Moving your elderly parents should be easy, right. You just guide them in the right direction, plan the move, and implement the whole operation. If only it was that easy. By the time your elderly parents or loved ones have reached their golden years they may not be able to stay in their original homes, but that doesn’t mean they want to leave. You know that the house is either too big, too isolated, or too high maintenance. They just want to stay in familiar surroundings.
This is the final article in our moving series because it’s probably one of the more difficult moving related issues that you’ll face. If you find yourself in the position of having to move your elderly parents or relatives, you have some things to consider.
Make sure your parents feel included in the process of moving. If you’re lucky, and they’re excited about moving to a more appropriate home, it will be easy to make the transition. If they are like most older people, reluctant and anxious about relocating, you need to point out the positive aspects of the move. Answer their questions honestly and involve them fully in choosing a new place to live.
Following is a timeline to help you make this a smooth transition.
Three Months Before
Determine Their Needs
Think about location. Do they want to move to a different climate, or do they need the support of being close to family? Are they interested in an 55-plus community, or do they want a standard neighborhood or a condo with a more traditional lifestyle? The answers to these questions will help you to narrow their options.
Consider a Senior Moving Specialist
You can contact a specialist from Caring Transitions for assistance with moving logistics. This organization can help with downsizing, relocation, estate sales, packing, home staging, organizing, paperwork, and overseeing movers.
Two Months Before
Surround Your Seniors With Support
Your loved ones may be concerned about trying to dispose of extra furniture and other items that they may no longer need or have room for. This is a good time to ask family members to assist with sorting and packing, more for emotional than physical support. It is comforting to seniors to see that their beloved possessions are going to be useful to other family members. Relatives may also be able to help with donating or disposing of unwanted items.
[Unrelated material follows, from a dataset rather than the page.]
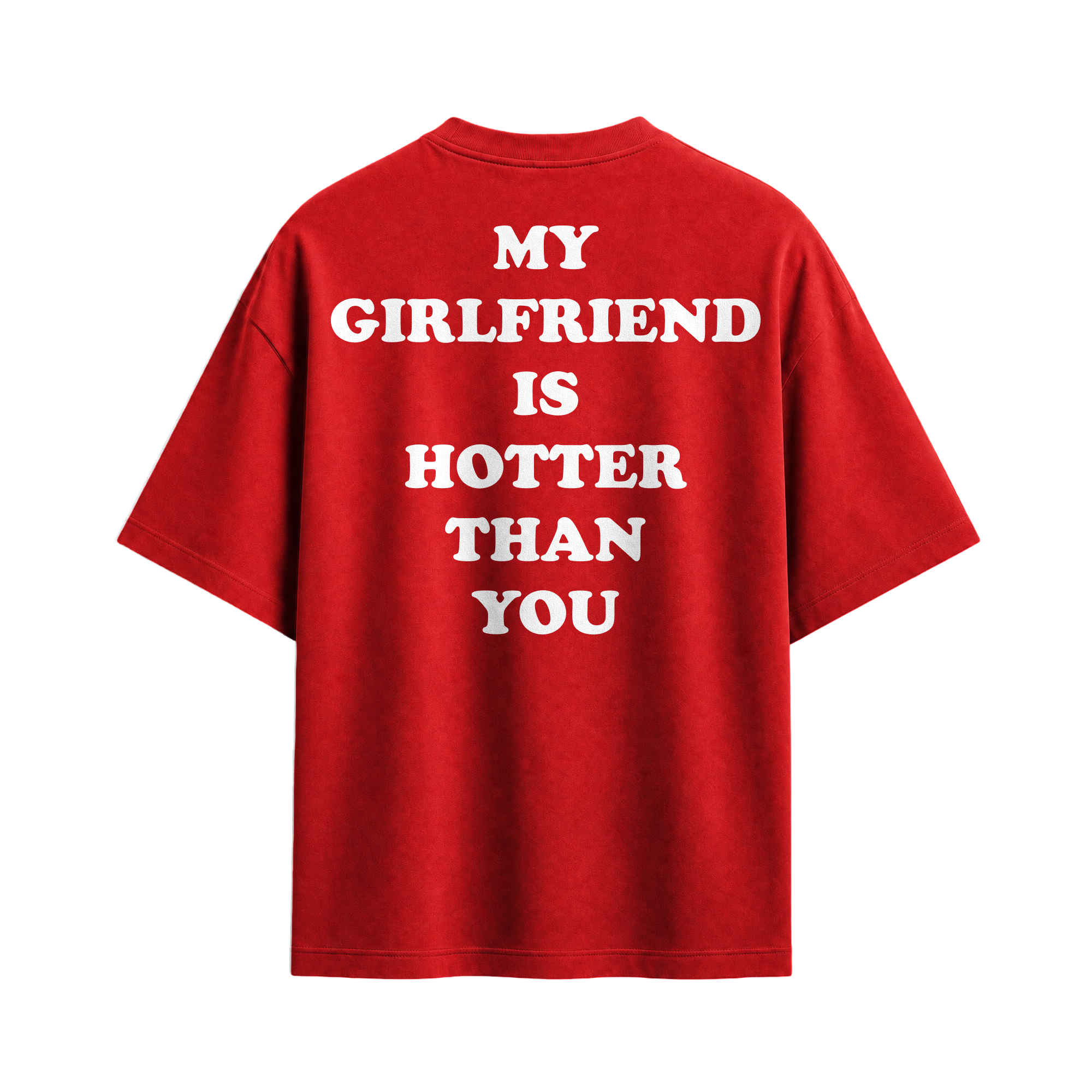 Forfksake Hotter Girlfriend T-Shirt Red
Plan Furniture Placement in the New Home
Figure out what furniture will work in the new home and what will not. Plan the layout of the space, and be sure to take furniture that is important to them. Having a favorite chair and special heirloom clock will make the transition easier and more comfortable.
Research and Schedule Moving Services
Now is the time to research and schedule moving companies and get estimates. Make sure the company you choose is reputable, licensed, and insured. You can get more help with this in our Moving Prep article.
Six Weeks Before
Make Travel Arrangements
If this is an out-of-state move, book airline, car, and hotel reservations now to avoid high prices. If you parent or relative has mobility issues, call the airline to request wheelchair assistance. You’ll find some hints to help with this in our Navigating an Out-of-State Move article.
Notify Current Physicians and Health Insurance Providers
Notify physicians and specialists and refill prescriptions. If this is an out-of-area move, be sure to ask for recommendations and check on changing medical coverage.
Four Weeks Before
Schedule Appointments with New Physicians
Once you receive recommendations from current doctors, schedule appointments to establish patient care with new physicians.
Rent a Storage Unit
A storage unit can be a lifesaver. Instead of discarding things that you may need later, you can store them in a safe, secure unit and give yourself time to think. Read
Self-Storage, The Secret Weapon for Your Next Move to find out more.
After the Move
Prep the New Home
As we stated earlier, plan the layout of the furniture for comfort and safety. Be sure that there is an easy flow through the rooms; and, of course, night lights and safety rails in the bathrooms.
Moving is always stressful, but at this stage of life it can be emotional and frightening. Remember, an extra dose of patience will go a long way. Take a vacation when it’s over!